Google is reportedly rolling out new features for Gemini to analyse a user’s surroundings in real-time using the device’s camera or screen, providing instant answers to questions. These features are a part of Project Astra, which was announced by the company last year.
A user on Reddit claimed to have received the update on Gemini and shared a video demonstrating how the feature works. This feature is a part of Gemini Live, which lets users converse with the AI tool in real-time and using natural language.
Later, a spokesperson from Google confirmed to The Verge that the company has indeed started rolling out the features. Recently, at the Mobile World Congress in Barcelona, the company announced that ‘live video’ and ‘screen sharing’ capabilities will start rolling out to Gemini Advanced subscribers as part of the Google One Premium plan on Android devices this month.
In December last year, the company announced more improvements and features to Project Astra, such as better dialogue, latency and memory capabilities and the ability to use external tools. During this time, the company also unveiled Multimodal Live API with Gemini 2.0, which could read information from the user’s screen and offer real-time advice.
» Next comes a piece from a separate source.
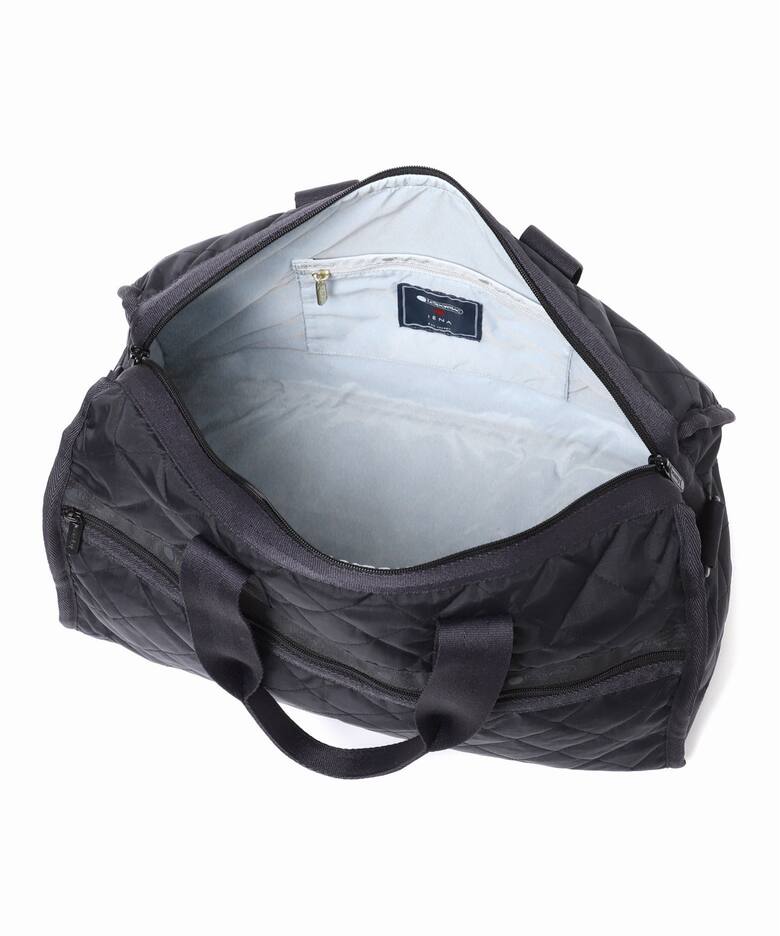LeSportsac/レスポートサック × IENA EXPO別注 DELUXE MED WEEKENDER 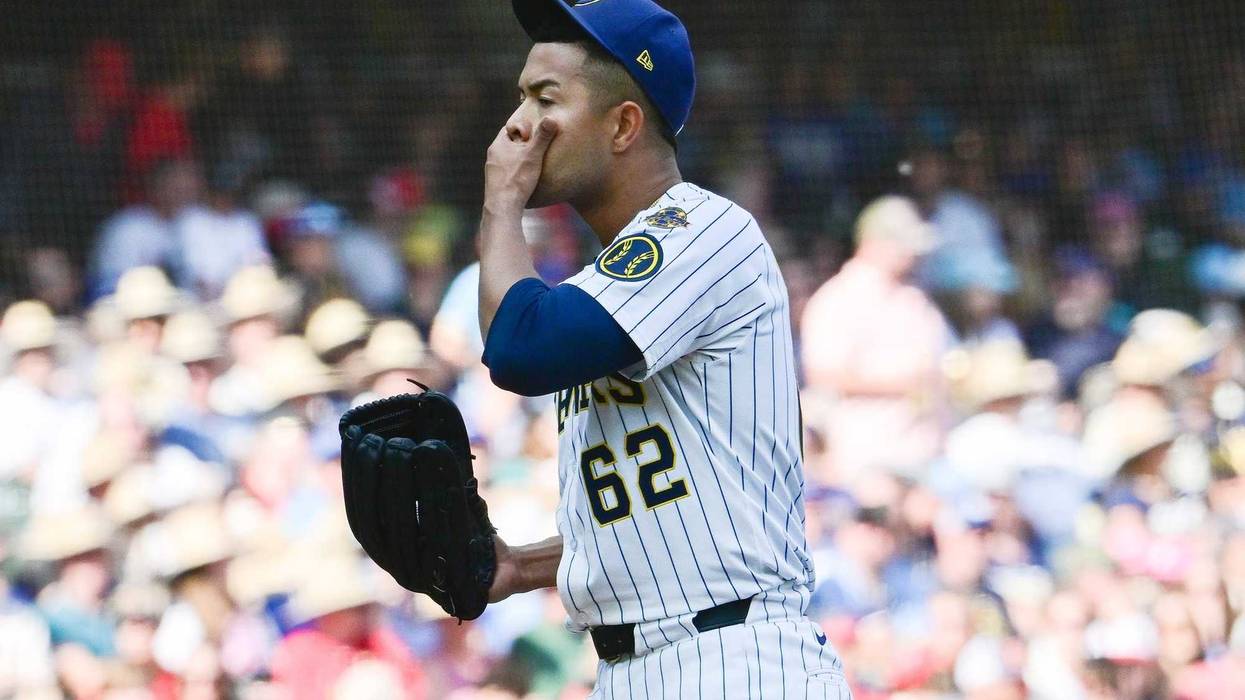 Benny Sieu-Imagn Images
OpenAI already has a feature for ChatGPT Plus and Pro subscribers to use the camera to feed real-time visual information for the advanced voice mode feature.
Recently, Google announced Audio Overviews for Gemini, which brings NotebookLM’s capabilities to the AI assistant. The company also announced native image generation and image editing features for the Gemini 2.0 Flash model.
Meanwhile, Google announced Gemma 3, the next iteration in the Gemma family of open-weight models—a successor to the Gemma 2 model released last year. In the Chatbot Arena, Gemma 3 27B outperformed DeepSeek-V3, OpenAI’s o3-mini and Meta’s Llama 3-405B model. Models in Chatbot Arena are evaluated against each other through side-by-side evaluations by humans.